The aim of this class is to introduce some challenges and techniques that fall under the general umbrella of Big Data. The class is structured in a seminar format. A reading list of several papers in various topics that relate to big data has been assembled ranging from data mining and learning to systems paradigms that can support it. A companion undergraduate textbook titled ”Mining of Massive Datasets” by Jure Leskoveci, Anand Rajaraman, and Jeffrey D. Ullman is available at http://infolab.stanford.edu/~ullman/mmds/book.pdf. The book will help cover background material on topics that will be deeply covered by the papers in the reading list.

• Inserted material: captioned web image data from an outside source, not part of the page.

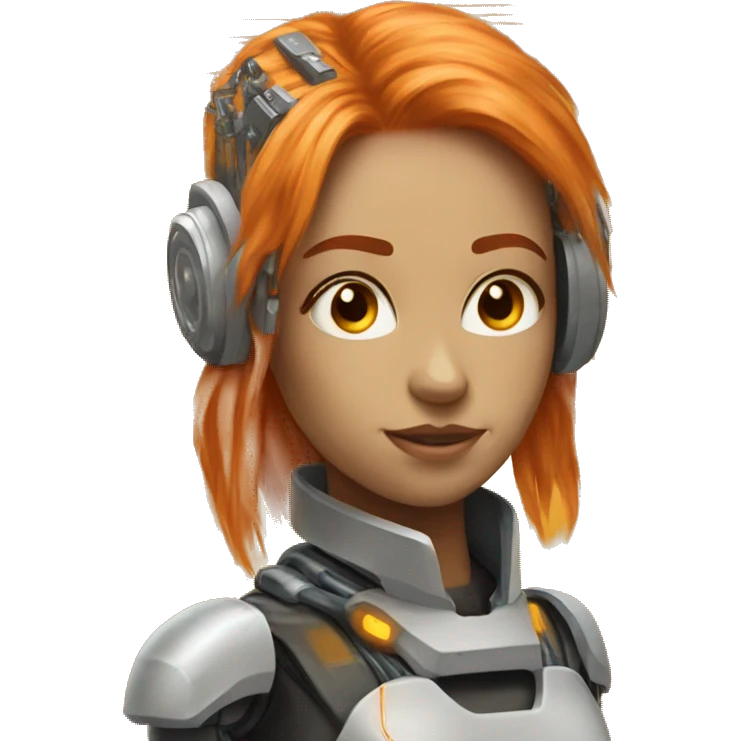 Female cyborg orange hair and circuits emoji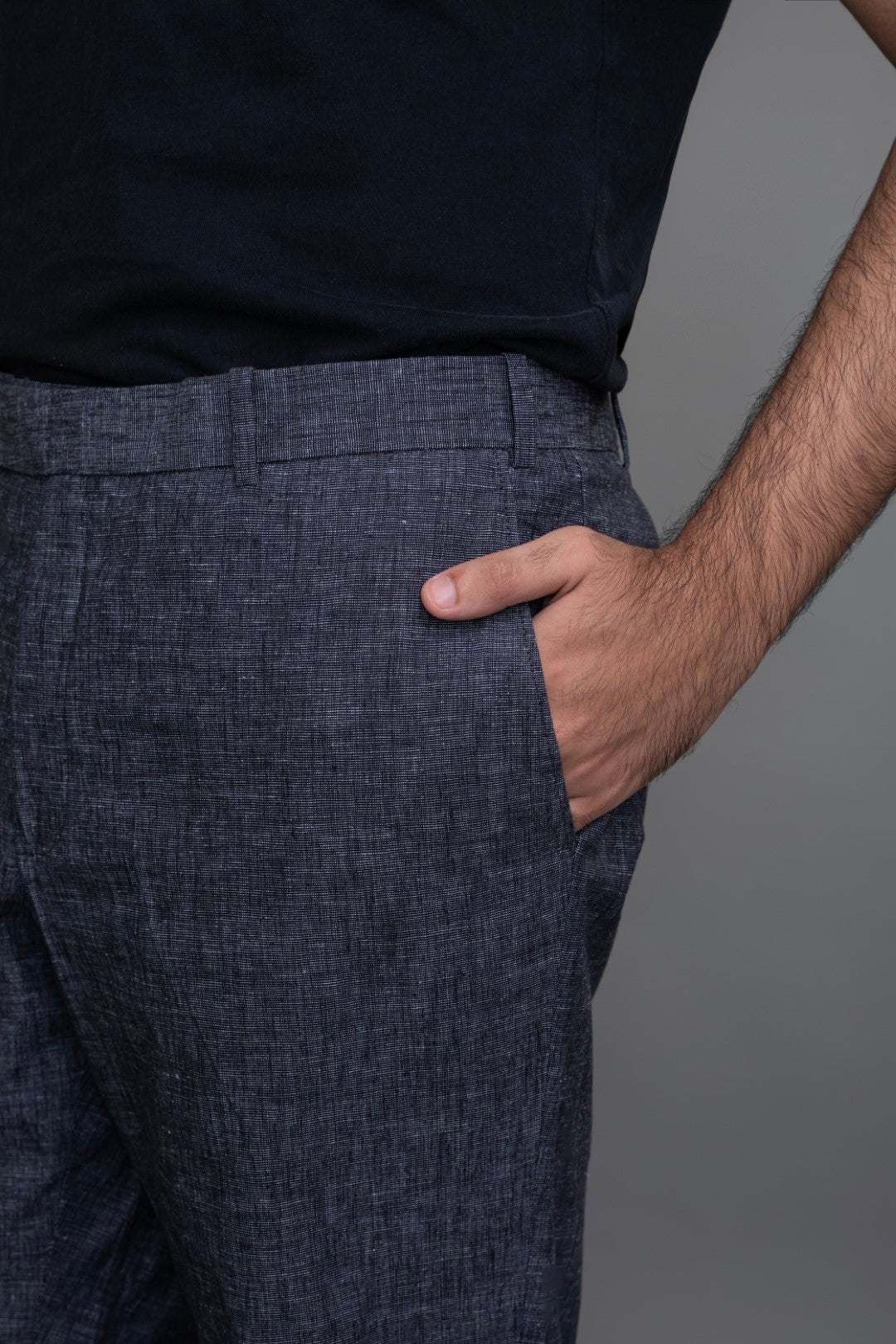 Grey Chambray Linen Trousers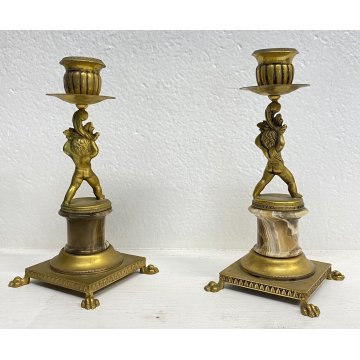 ANTICA COPPIA CANDELABRO PUTTI ARGENTO VERMEIL 800 CANDELIERE PORTA CANDELA LUMI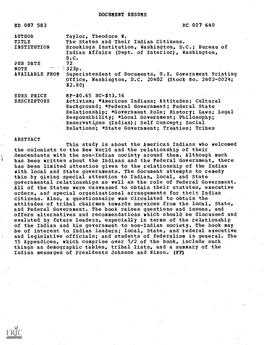 The States and Their Indian Citizens. INSTITUTION Brookings Institution, Washington, D.C.; Bureau of Indian Affairs (Dept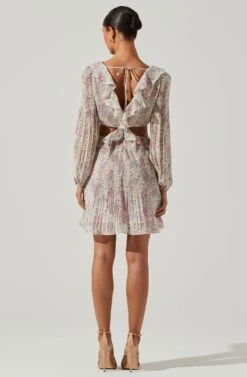 Marcy Floral Pleated Cutout Mini Dress -Dresses Sales Store ACDR101534 LILACBLUEMULTI 4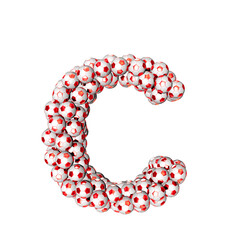 3d symbol made from red soccer balls. letter c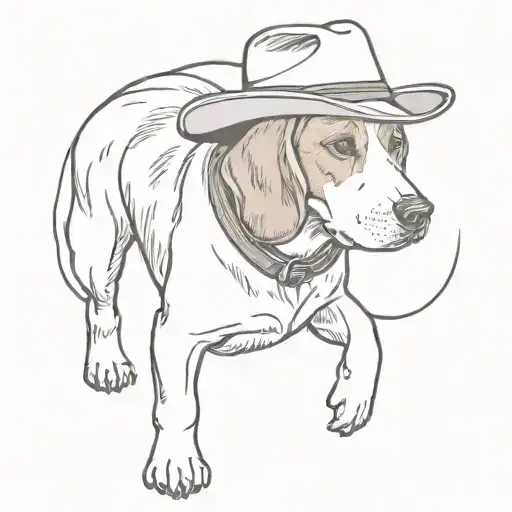beagle wearing a cowboy hat walking away tattoo design idea
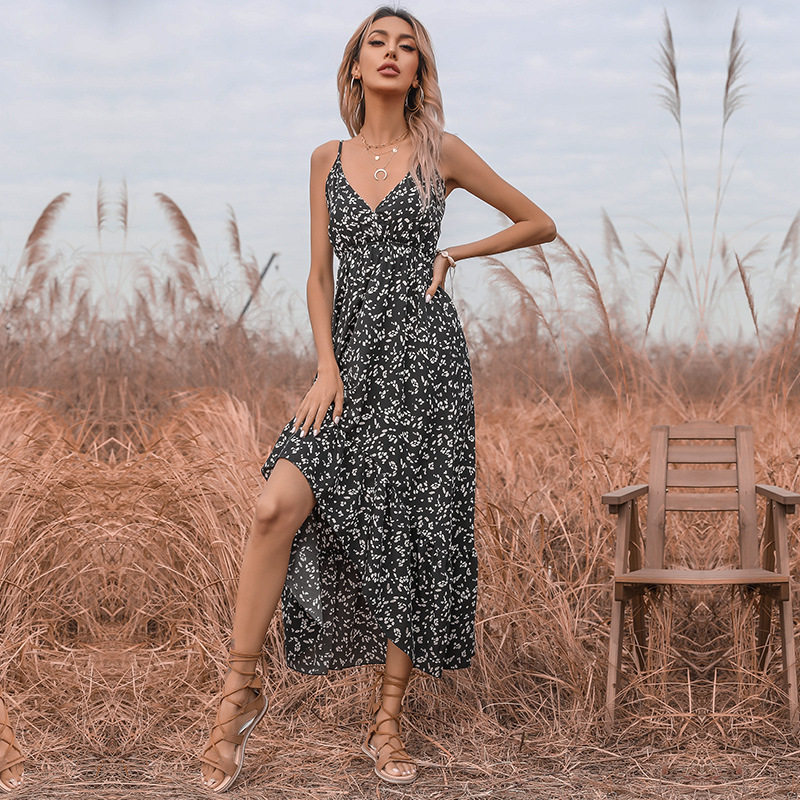Summer Womens Irregular Hem Dress Sexy Floral Print V Neck Spaghetti Straps Casual Party Wear Wholesale Available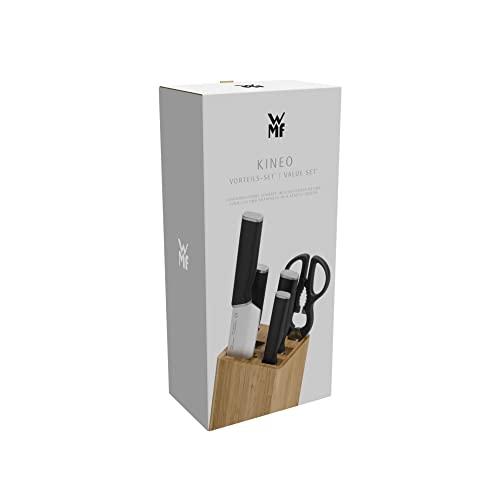 WMF Kineo - Juego 6 Piezas, 4 Cuchillos con Hoja de Acero Templado Especial y Tijeras Multiusos con Soporte FlexTec de Bambú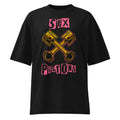 Oversize Crossed Golden Pistons Punk Pink Letters - Frente fantasma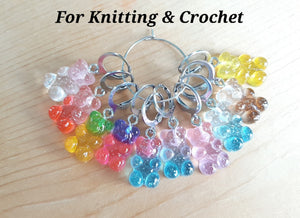 Gummy Bear Glitter Stitch Markers for Crochet and Knitting Set of 10 Detachable Place Marker Yarn Gifts Accessories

Each student will be responsible for two in class presentations from the reading list. The first presentations will start on January 28, 2015. Assignment of papers to students will be done on a first-come-first-serve basis. A few of the papers on the reading list may constitute more than one presentation, some others will have to be bundled together and will be a part of one presentation. The student who is in charge of the presentation will have to do a high-quality 45-minute presentation that will be followed by 20-25 minutes of discussion. Class participation in this discussion will be evaluated on a weekly basis, and constitute a significant portion of the grade. It goes without saying that every student will have to read every paper that will be presented.

At the start of every class period, a 10-15 minute quiz will be given on the papers that would have been presented/discussed in the previous week. Occasionally (depending on the type of the papers), the quiz may be an open notes one.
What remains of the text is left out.